I waddled out of the stall to grab a second and a third pad, fashioning a diaper in my underwear. I cleaned myself up and came out of the bathroom dizzy, pale. He was very concerned. I explained that it was a rough period. So let’s go get your books and then we can go home and watch the Tales From The Crypt box set, that was our favorite show at the time. That was the plan. We made it to the library but then another wave hit me. I said, can I just sit while you go find your books? He was annoyed. This was my library after all, he didn’t know how to find things. This was supposed to be a cute activity we did together.
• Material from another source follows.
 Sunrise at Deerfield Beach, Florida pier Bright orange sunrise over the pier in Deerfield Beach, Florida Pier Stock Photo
I was his manic pixie dream girl (and mine own) and this was the scene where we were supposed to frolic in the library. But I was having a medical emergency and couldn’t stop being the great pretender.
He was aggravated, he knew something was wrong. So he sat with me and pulled the information out of the lying child. When I finally told him I was having a miscarriage, he kept repeating ‘What?’,’What’. I tried to explain what it was – he knew what it was. He was just in shock. The thing is, I hadn’t had sex yet with this new boyf. So this was an issue created by the previous one. I sat awkwardly, bleeding my guts out in the UM Flint library, suddenly understanding the Virgin Mary in a big way and hoping the boyf wasn’t angry; that he could tell me what to do. Afterall, he was an adult, and I was not.
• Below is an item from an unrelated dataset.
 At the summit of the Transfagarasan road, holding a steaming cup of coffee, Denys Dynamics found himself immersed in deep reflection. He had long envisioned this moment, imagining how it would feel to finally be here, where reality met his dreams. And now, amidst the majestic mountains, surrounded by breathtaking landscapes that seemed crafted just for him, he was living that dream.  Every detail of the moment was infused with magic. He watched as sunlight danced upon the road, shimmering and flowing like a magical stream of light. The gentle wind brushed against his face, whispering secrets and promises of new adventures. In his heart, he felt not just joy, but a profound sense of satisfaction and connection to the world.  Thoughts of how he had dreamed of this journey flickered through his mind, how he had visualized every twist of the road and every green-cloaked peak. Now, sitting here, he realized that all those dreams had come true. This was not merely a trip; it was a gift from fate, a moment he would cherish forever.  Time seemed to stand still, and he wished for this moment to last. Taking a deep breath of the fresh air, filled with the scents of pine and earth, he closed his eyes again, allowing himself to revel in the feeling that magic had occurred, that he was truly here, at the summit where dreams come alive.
He left to pull around the car so I didn’t have to do the trudge of a lifetime through the snow. We debated what to do with me next – I didn’t think I needed to go to the hospital but I didn’t want to go home, so we went to his house on Bryan Place. By morning, it had ended and I was pure as the freshly fallen snow, my adolescent body bouncing back handsomely.
After this experience, it felt as though my life had shifted from checkers to chess, and I killed the Queen early on in the game; so I started to move kinda bold like I was on stolen time. This mindset got me to NYC. However, later in my early adulthood, I poured myself into working in the film industry and I destroyed all semblance of rebellion in my use of time. When I wasn’t working, I was networking; I was sleeping; I was watching every movie that came out in theaters; I was dating like it was a sport. It wasn’t until a couple years ago that I managed to get a steady corporate gig, maintain a healthy partnership, go to therapy, and allocate time back to writing, wandering, reflecting, and plotting the impish avant garde short film we’ve come to know as Bloodsuckers of Bushwick.